Start of DATA FOR THIS TASK
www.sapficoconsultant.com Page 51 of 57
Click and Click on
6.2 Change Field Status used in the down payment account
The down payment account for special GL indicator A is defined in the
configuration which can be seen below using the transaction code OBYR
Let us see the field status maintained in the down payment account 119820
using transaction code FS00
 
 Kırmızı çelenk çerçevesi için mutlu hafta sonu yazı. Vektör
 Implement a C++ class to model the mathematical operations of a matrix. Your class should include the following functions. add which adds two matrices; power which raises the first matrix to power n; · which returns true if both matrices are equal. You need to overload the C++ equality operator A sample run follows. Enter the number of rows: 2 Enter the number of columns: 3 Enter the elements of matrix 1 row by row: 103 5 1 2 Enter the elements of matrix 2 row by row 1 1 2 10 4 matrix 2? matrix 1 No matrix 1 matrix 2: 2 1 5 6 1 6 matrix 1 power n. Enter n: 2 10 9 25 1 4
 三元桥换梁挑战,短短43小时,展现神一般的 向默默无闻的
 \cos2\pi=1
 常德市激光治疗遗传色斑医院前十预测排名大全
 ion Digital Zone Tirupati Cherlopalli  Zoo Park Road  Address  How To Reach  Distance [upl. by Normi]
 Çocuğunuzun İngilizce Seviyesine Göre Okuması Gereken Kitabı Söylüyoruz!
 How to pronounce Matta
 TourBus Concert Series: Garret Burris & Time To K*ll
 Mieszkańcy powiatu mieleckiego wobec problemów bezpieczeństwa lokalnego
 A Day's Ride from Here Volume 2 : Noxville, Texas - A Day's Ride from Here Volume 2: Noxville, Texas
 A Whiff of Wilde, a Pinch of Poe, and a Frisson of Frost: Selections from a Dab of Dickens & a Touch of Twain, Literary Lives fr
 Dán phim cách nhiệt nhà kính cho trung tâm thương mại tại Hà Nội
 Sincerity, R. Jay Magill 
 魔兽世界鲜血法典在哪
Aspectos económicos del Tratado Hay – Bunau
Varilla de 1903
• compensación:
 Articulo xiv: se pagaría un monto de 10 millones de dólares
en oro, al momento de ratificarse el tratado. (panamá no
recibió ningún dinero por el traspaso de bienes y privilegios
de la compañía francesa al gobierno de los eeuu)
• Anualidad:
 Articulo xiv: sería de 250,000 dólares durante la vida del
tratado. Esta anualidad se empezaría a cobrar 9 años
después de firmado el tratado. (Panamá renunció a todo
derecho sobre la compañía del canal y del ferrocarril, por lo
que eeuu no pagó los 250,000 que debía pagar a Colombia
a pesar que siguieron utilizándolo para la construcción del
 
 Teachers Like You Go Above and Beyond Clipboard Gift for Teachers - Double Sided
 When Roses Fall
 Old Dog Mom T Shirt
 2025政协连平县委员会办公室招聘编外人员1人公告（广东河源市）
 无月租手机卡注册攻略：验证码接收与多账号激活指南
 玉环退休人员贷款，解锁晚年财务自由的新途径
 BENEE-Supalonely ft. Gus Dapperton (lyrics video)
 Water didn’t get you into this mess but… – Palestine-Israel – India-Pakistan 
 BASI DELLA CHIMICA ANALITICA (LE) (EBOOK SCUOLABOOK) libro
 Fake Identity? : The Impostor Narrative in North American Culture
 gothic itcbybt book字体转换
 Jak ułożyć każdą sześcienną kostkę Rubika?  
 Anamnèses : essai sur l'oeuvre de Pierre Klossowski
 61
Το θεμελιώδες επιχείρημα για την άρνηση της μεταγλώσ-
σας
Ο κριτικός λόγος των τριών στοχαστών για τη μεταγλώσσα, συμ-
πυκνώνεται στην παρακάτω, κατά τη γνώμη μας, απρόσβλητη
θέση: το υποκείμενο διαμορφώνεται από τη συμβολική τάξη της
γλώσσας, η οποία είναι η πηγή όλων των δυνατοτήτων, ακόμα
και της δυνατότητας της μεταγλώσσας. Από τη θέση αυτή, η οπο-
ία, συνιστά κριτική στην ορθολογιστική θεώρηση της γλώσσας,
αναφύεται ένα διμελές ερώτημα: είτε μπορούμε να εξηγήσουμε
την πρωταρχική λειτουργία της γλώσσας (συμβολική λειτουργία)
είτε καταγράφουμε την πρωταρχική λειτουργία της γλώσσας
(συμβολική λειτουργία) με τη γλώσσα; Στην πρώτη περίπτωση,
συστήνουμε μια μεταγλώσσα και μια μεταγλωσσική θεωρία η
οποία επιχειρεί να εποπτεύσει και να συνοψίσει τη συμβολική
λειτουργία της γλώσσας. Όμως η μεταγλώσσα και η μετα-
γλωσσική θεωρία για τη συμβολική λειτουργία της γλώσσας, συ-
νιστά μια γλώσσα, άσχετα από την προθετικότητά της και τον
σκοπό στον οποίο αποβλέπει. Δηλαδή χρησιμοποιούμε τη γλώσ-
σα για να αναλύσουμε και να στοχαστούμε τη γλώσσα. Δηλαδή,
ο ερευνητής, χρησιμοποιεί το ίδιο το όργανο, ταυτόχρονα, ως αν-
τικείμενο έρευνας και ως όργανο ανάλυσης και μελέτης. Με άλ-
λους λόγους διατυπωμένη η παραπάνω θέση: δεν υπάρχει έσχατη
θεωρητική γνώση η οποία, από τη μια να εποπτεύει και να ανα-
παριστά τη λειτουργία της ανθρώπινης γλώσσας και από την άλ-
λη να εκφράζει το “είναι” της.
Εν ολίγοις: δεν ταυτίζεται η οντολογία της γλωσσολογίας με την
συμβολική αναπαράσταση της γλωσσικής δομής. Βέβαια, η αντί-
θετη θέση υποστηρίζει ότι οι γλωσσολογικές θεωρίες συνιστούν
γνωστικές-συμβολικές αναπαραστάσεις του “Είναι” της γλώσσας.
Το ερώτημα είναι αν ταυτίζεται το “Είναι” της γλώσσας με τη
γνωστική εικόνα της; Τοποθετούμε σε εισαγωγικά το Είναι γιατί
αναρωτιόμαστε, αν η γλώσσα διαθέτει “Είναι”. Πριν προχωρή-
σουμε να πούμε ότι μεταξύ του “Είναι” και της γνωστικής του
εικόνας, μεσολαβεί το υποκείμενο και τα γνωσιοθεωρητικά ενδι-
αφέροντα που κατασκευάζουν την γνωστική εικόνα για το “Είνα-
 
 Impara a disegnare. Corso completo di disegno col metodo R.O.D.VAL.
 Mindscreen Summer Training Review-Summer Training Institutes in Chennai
End of DATA FOR THIS TASK
» BRIEF
Output all lines from the beginning of the data up to the line holding "How to pronounce Matta", that line included, exactly as written.

» ANSWER AREA
www.sapficoconsultant.com Page 51 of 57
Click and Click on
6.2 Change Field Status used in the down payment account
The down payment account for special GL indicator A is defined in the
configuration which can be seen below using the transaction code OBYR
Let us see the field status maintained in the down payment account 119820
using transaction code FS00
 
 Kırmızı çelenk çerçevesi için mutlu hafta sonu yazı. Vektör
 Implement a C++ class to model the mathematical operations of a matrix. Your class should include the following functions. add which adds two matrices; power which raises the first matrix to power n; · which returns true if both matrices are equal. You need to overload the C++ equality operator A sample run follows. Enter the number of rows: 2 Enter the number of columns: 3 Enter the elements of matrix 1 row by row: 103 5 1 2 Enter the elements of matrix 2 row by row 1 1 2 10 4 matrix 2? matrix 1 No matrix 1 matrix 2: 2 1 5 6 1 6 matrix 1 power n. Enter n: 2 10 9 25 1 4
 三元桥换梁挑战,短短43小时,展现神一般的 向默默无闻的
 \cos2\pi=1
 常德市激光治疗遗传色斑医院前十预测排名大全
 ion Digital Zone Tirupati Cherlopalli  Zoo Park Road  Address  How To Reach  Distance [upl. by Normi]
 Çocuğunuzun İngilizce Seviyesine Göre Okuması Gereken Kitabı Söylüyoruz!
 How to pronounce Matta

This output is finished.